Jeff Jardine

Just an opinion, but the idea newspapers should be banned from endorsing is news to me

Jeff Jardine
Jeff Jardine

Earlier this week, The Modesto Bee published an editorial explaining why Donald Trump should not be elected president.

This column isn’t about Trump, sexual harassment, support from white hate groups, his verbal incontinence, his track record of stiffing contractors or the fact he’s turned the campaign into a hazmat event. It’s not about Hillary Clinton, her emails, the Clinton Foundation, Benghazi or anything else she’s been linked to and ridiculed over.

It’s about the right to express an opinion guaranteed by the First Amendment that – and this might surprise some folks – includes a free press. Since the opinion piece was published, more than 600 comments appeared either on The Bee’s Facebook page or Among them, scores of commenters exercised their right to tell the Editorial Board it has no right to express one.

Perhaps it comes down to the inability for some readers to distinguish between a news story and an opinion piece, even though newspapers and their online sites make that distinction every day.

News stories are expected to be factual and balanced, giving both sides of an issue the opportunity to represented.

Columnists, like moi, are voices in the paper but not the voice of the paper. My opinion is my own, doesn’t stand as the opinion of The Bee and I’m under no obligation to be in lockstep with the Editorial Board and the paper’s editorials. Diverse opinions are welcomed.

Which brings us to editorials like the one detailing why Trump is unfit to be president. There was no attempt to disguise or mislead about the intent of the piece. It represented the editorial voice and opinion of the newspaper’s management. It appeared under an “Opinion” heading in print and online. And it appeared in the same section where the Letters to the Opinion Page appear – yes, the very same place where your opinion goes when you write to The Bee, and in some cases to endorse a political candidate. Imagine that.

The editorial posted Wednesday afternoon on under “Opinion.” It appeared in Thursday’s print edition under the heading of “Opinion.” A sampling of the vitriol:

“The editors and the Bee should be ashamed to publish such a blatantly biased article. How about you report the unbiased news and let people come to their own conclusions/opinions,” one commenter commented. “This is disgusting.”

“Another stupid Modesto Bee writer’s opinion!!!” a Facebook post read. “Why don’t you try writing the actual news?? Oh that’s right, it’s because you’re weak and spineless!!”

(No, the weak and spineless would have cowed from writing such an editorial knowing Trump supporters would go ballistic. As is their right.)

“You’re so one sided!” another posted on The Bee’s Facebook page. “You need to be fired for being a bad journalist! Are you writing a thesis or an article? I ask because this seems like your opinion. Hillary’s husband was a terrible president, do you want another Clinton?”

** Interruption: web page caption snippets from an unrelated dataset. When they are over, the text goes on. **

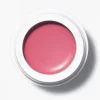 SUSAN BIJL Make-Up^Dianthus - Manasi 7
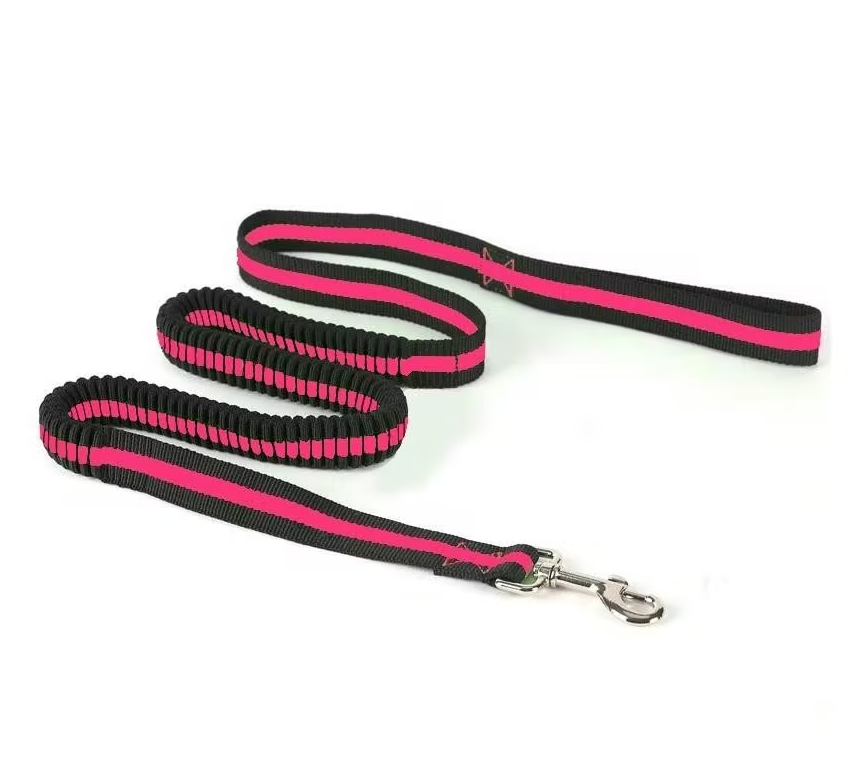 Laisse élastique Paws and Son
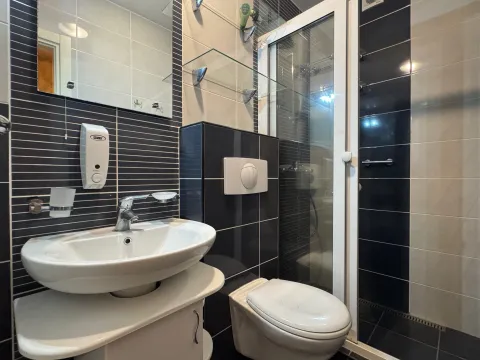 Bathroom equipped with a washbasin, toilet, and walk-in shower. - image 13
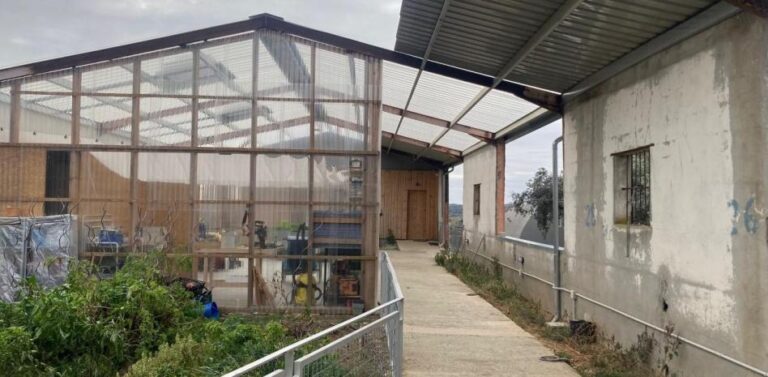 Llàtzer Moix tweet media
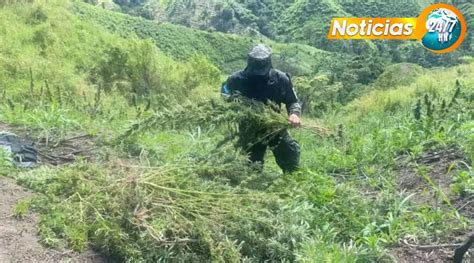 En Colón aseguran 112 mil plantas de marihuana Noticias 24 7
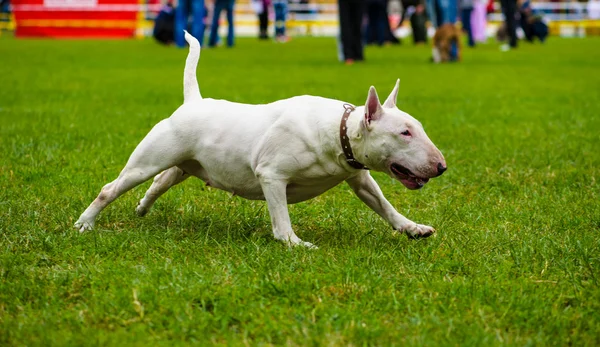 Bull terrier pies — Zdjęcie stockowe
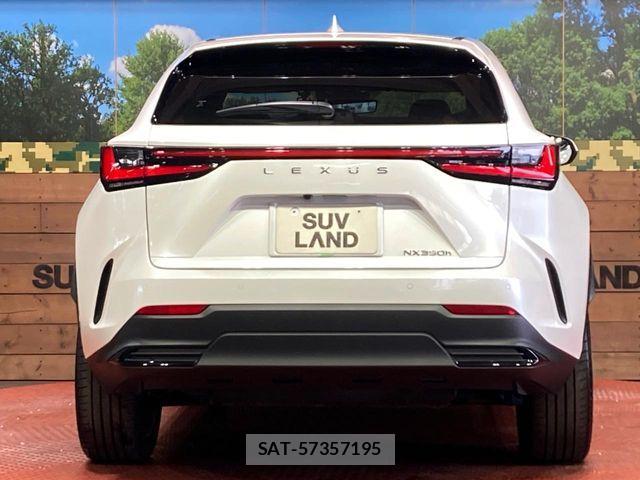 Lexus NX 2023-07 7059295-14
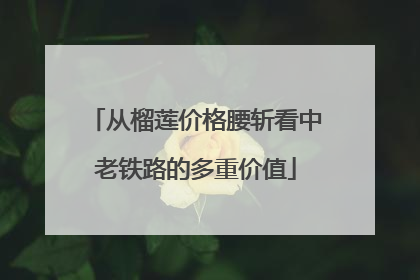 从榴莲价格腰斩看中老铁路的多重价值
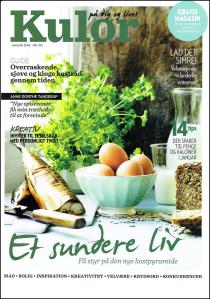 Kostråd_forside-page-001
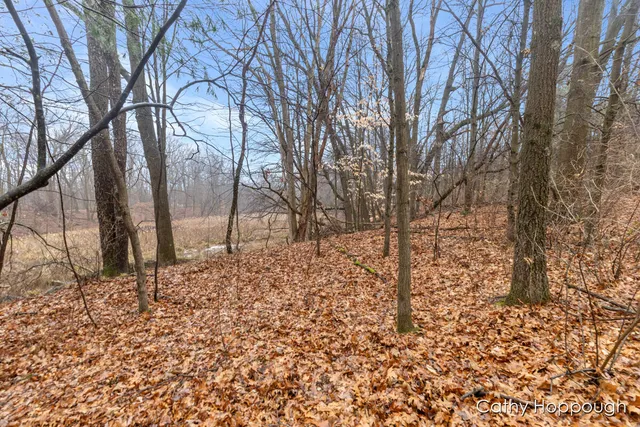 $250,000 | V/l West Snows Lake Road, Unit PARCEL 1, Fenwick, MI 48834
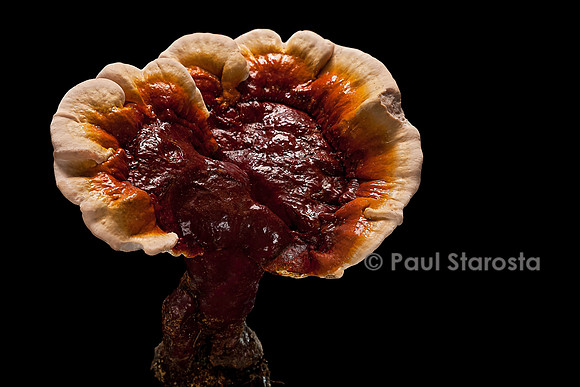 Ganoderma lucidum (reishi)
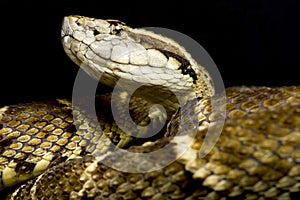 Fer-de-Lance Bothrops atrox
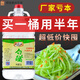 白醋食用大桶装山西特产去污清洁泡脚洗脸商用农用农作物正宗 4.5度白醋5升/10斤【686】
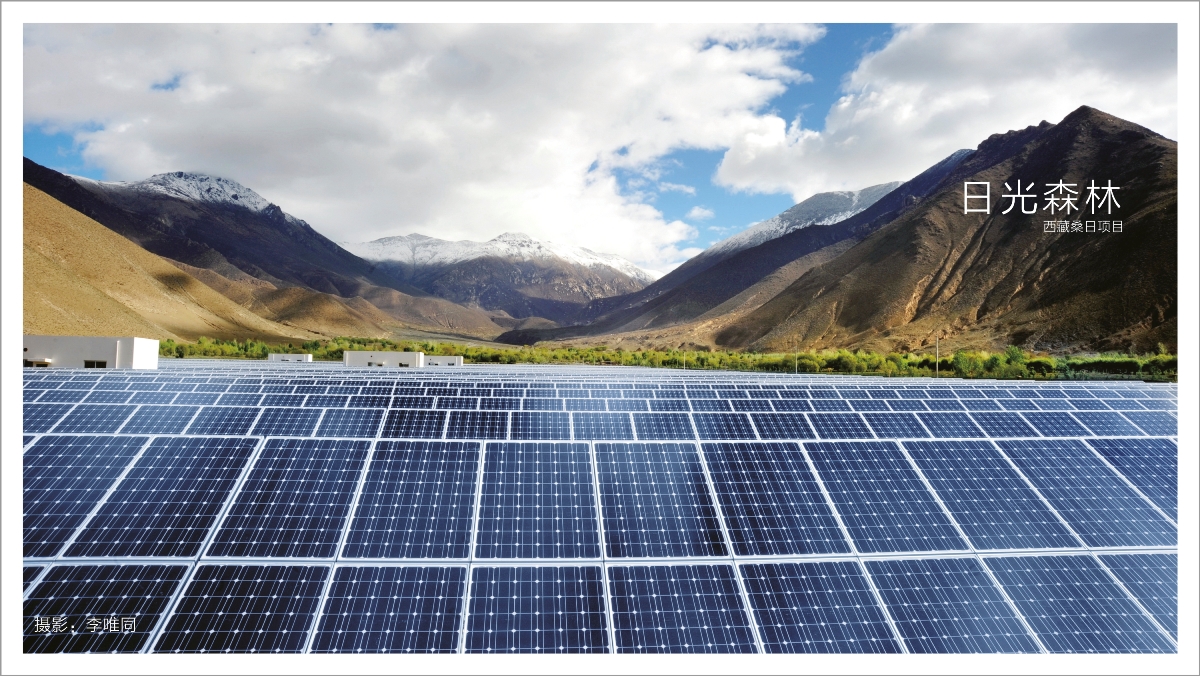 威客电竞·(中国)VKGAME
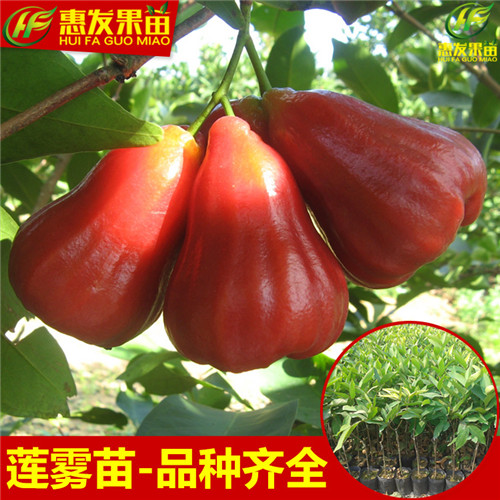 湛江黑金钢莲雾苗，湛江莲雾苗，湛江果树苗 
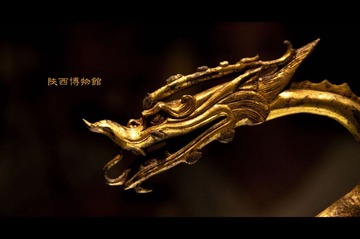 金子龙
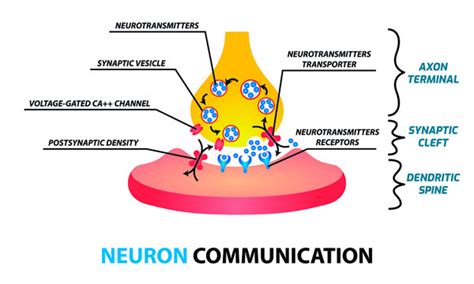 Neuron Diagram Synapse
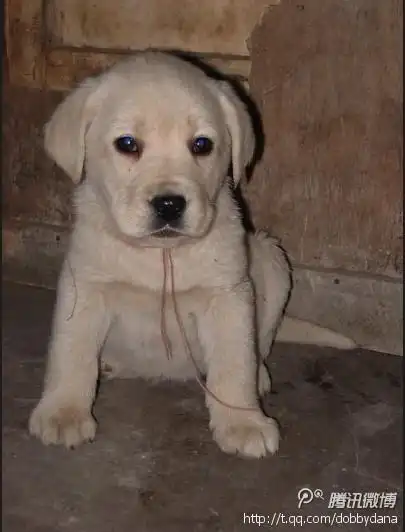 有人送了只拉布拉多幼崽 可是耳朵毛很长 请问是不是串儿了呀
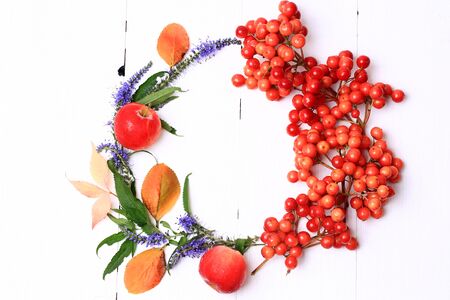 Autumn wreath decorated with berries fruits leaves and flowers on white wooden background view from aboveの写真素材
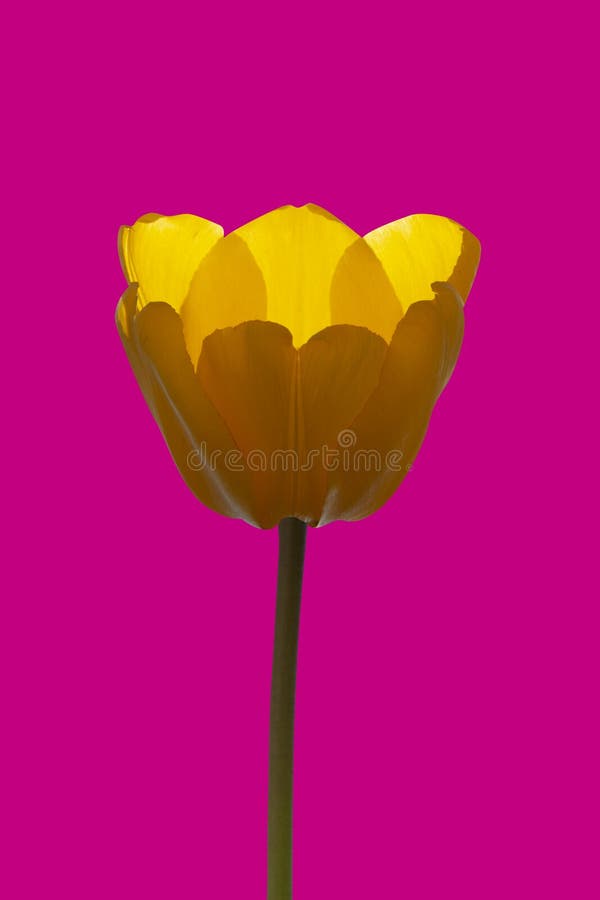 Fresh yellow transparent spring tulip flower on modern pink background - stock photo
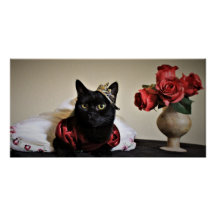 Vestido para la pelota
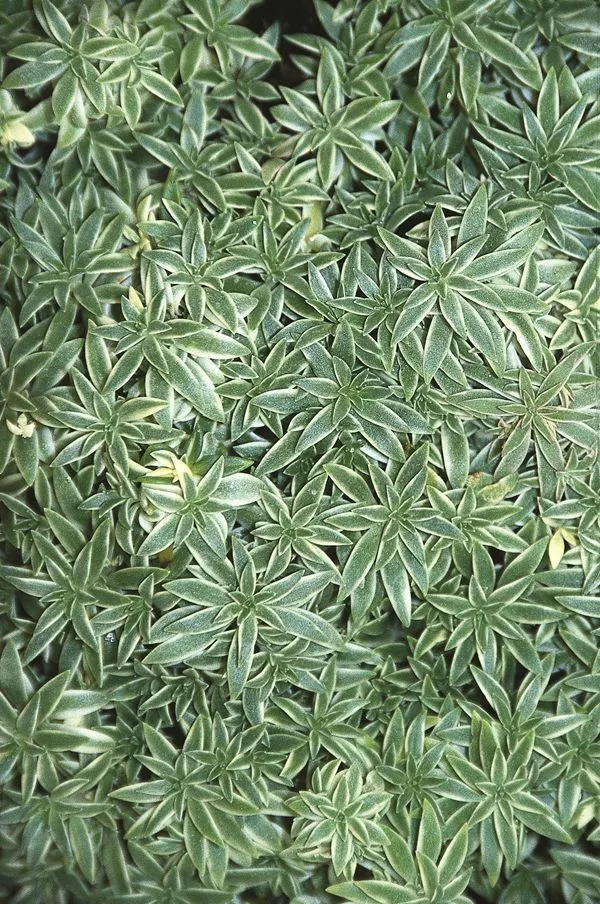 Sedum lineare 'Variegatum'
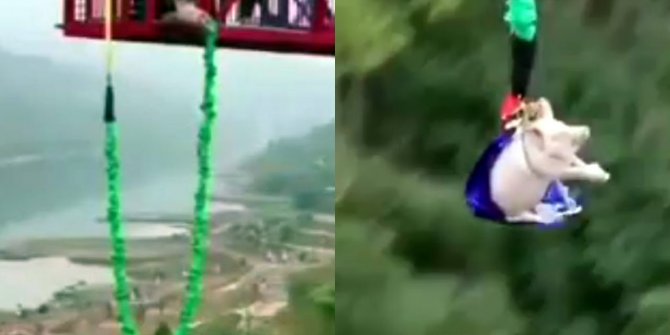 Çin'de domuza bungee jumping yaptırıldı! Video sosyal medyada büyük tepki topladı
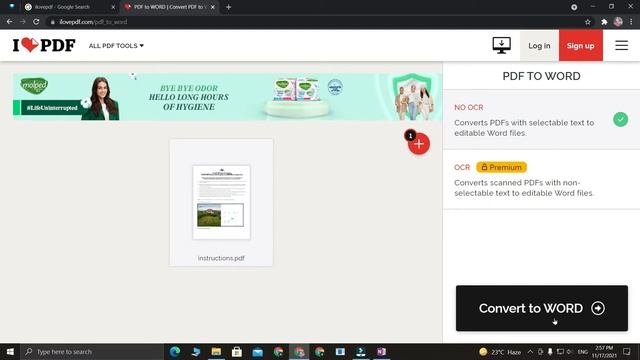 Convert PDF To Word | No OCR = Free, OCR = Premium | Website Method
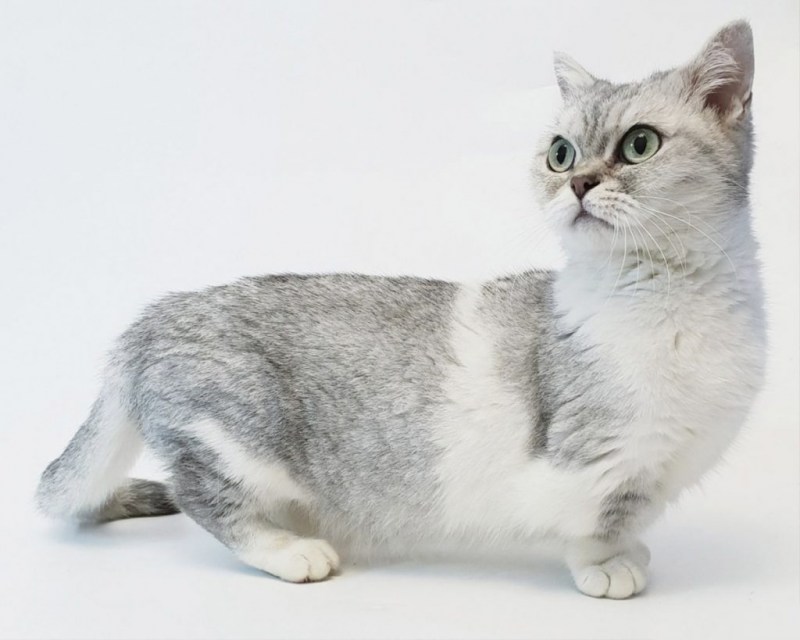 Манчкин шиншилла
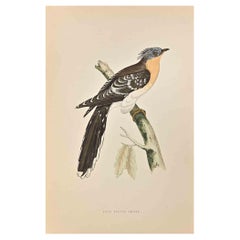 Antique Great Spotted Cuckoo- Woodcut Print by Alexander Francis Lydon  - 1870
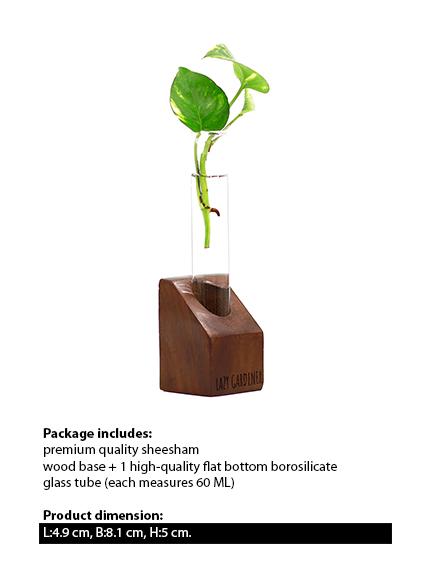 Timber Grove Solo (Table Top) Wooden single test tube planter LazyGardener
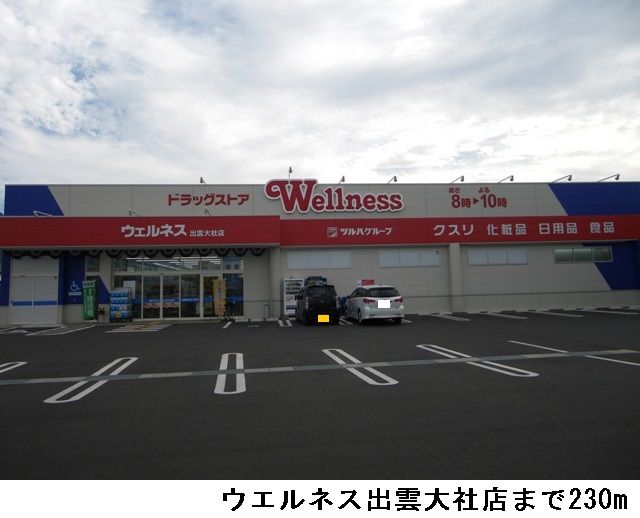ドラックストア　ウエルネス出雲大社店（ドラッグストア）まで230m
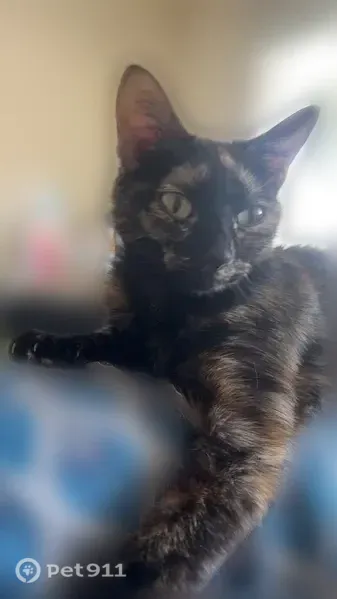 Chat disparu Fille, Buxerolles (fl597984) - photo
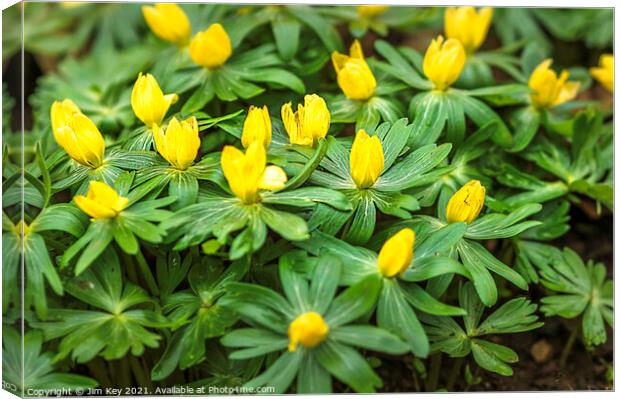 Carpet of Aconites in Woodland Close Up Canvas Print by Jim Key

(Actually, Bill Clinton was the best Democrat president Republicans could have hoped for, and truly a gift. They got rich in the stock market during his two terms and then got to impeach him on moral grounds, too.)

And last but by no means least, “Wow. Seriously? Shouldn’t you be reporting news, not your own opinion? I may not be a Hillary supporter, but I would say the same thing if the headline was reversed and about her. Really disappointed in you, ModBee.”

All within their right to an opinion, even if it is contrary the very U.S. Constitution many will tell you they want followed to the letter (including their letters to the editor).

Newspapers have published editorials, meaning opinions, since their inception. In fact, they started out as partisan newsletters that, over time, morphed into watchdogs over government and the role of being the conscience of their communities. Even so, they lean right or left politically, and mostly left. Was The New York Times a shill or unethical for endorsing Abraham Lincoln, the Republican presidential nominee, in 1860?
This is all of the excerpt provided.